Due to the aging process, the spinal canal in the low back becomes narrow which leads to spinal stenosis. The tapering process is gradual and decreases the space available for the spinal cord and nerves. In case the narrowing is minor, there is no pain. The condition might also lead to numbness, leg pain, and/or tingling. In advanced cases, weakening might also be manifest.
The indications of spinal stenosis include:
- Numbness and/or tingling in the legs that is evident while walking or standing
The leg pain and numbness might disrupt with walking and the spine might lose the lumbar curve and appear flat. Since one bends slightly over while walking uphill, the symptoms might be lessened while going uphill and worse while going down.
There is relief when bending forward or sitting.
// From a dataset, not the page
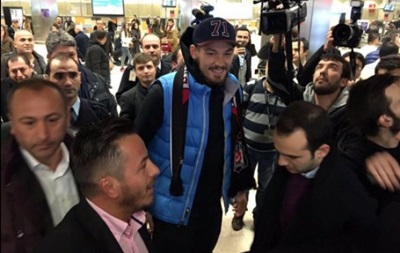 Бойка в аеропорту Стамбула зустрічали десятки фанатів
Once the condition becomes severe, the symptoms might become continuous and even result to permanent nerve injury.
The condition is likely to occur among the elderly while arthritis and injuries can also result to the narrowing of the spinal cord.
Management of spinal stenosis
- Non-steroidal anti-inflammatory drugs (NSAIDs) for pain relief
- Cortisone injections directly into the spinal column for brief relief
- Regular exercise and a physical therapy program that centers on strengthening of the abdominal and back muscles along with stretching
In case these measures could not ease the pain and ability to perform daily activities, surgery might be considered.
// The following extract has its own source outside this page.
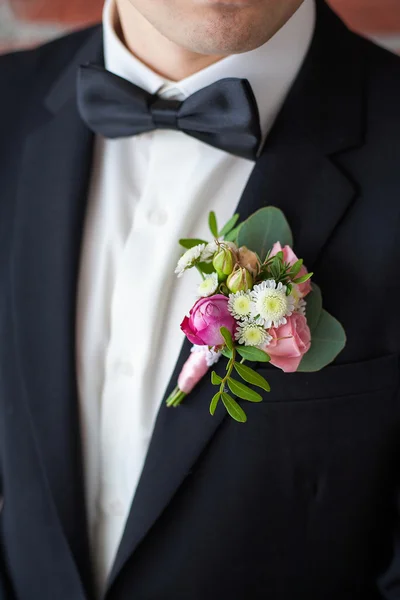 Siyah takım elbiseli adama tutturulmuş yaka çiçeği — Stok fotoğraf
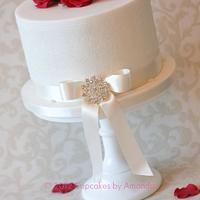 Red Rose Sugarveil Wedding Cake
The objective of surgery for spinal stenosis is to permanently decompress the spinal canal.
The commonly used types of spinal surgery include:
- Laminectomy – the commonly used surgery for spinal stenosis which involves removal of the lamina or part of the vertebra to allow space for the nerves
- Foraminotomy – the procedure involves the expansion of the foramen to provide space for the nerve roots
- Spinal fusion – the procedure is done if there is instability and involves linking the bones together using bone grafts or screws for stability of the spine.